What is the difference between no landing and soft landing?

A soft landing describes growth slowing gradually toward trend while inflation drifts back to target, allowing the central bank to ease policy. A no landing scenario sees growth refuse to slow at all, with employment and demand holding firm, leaving inflation stuck above target. The practical market difference is rate path: soft landing supports cuts, no landing forces holds or further hikes, which keeps the front end of the curve elevated.

Is a no landing scenario bullish or bearish for the US dollar?

It is typically bullish for the dollar in the medium term. Sticky US inflation and resilient growth push the Fed to hold rates higher for longer, widening real yield differentials against the euro, yen, and other majors where central banks may be closer to easing. The dollar index tends to grind higher in such regimes, particularly when European or Asian data softens at the same time.

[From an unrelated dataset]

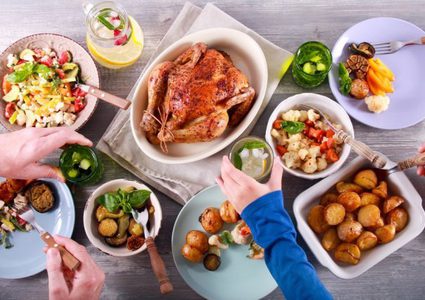 سلبيات الافراط في تناول الطعام والشراب في شهر رمضان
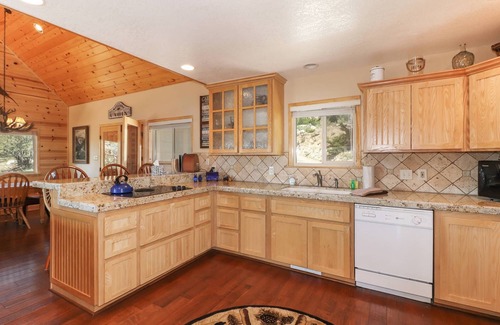 Whispering Forest Cabin | Mountain View Escape by Destination Big Bear : Relaxing Views of the Snow Summit & Bear Mtn! Pool Table! WiFi & Streaming TV!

How does no landing affect gold prices?

Gold can perform surprisingly well during no landing periods despite high real yields. The driver is hedging demand against entrenched inflation and policy error risk, plus central bank reserve buying that has been a persistent bid in recent cycles. The relationship between gold and ten year TIPS yields has weakened, so traders should not assume rising real rates automatically caps gold.

What data prints signal a no landing outcome?

Watch nonfarm payrolls, average hourly earnings, services ISM, retail sales control group, core PCE, and the supercore inflation measure that strips out shelter and goods. When several of these print firm in succession while the unemployment rate stays low, the no landing narrative gains traction. Atlanta Fed GDPNow tracking near or above potential growth alongside core inflation stuck above three percent is the cleanest combination.

Educational analysis only. Past performance does not guarantee future results. Manage risk against your own portfolio.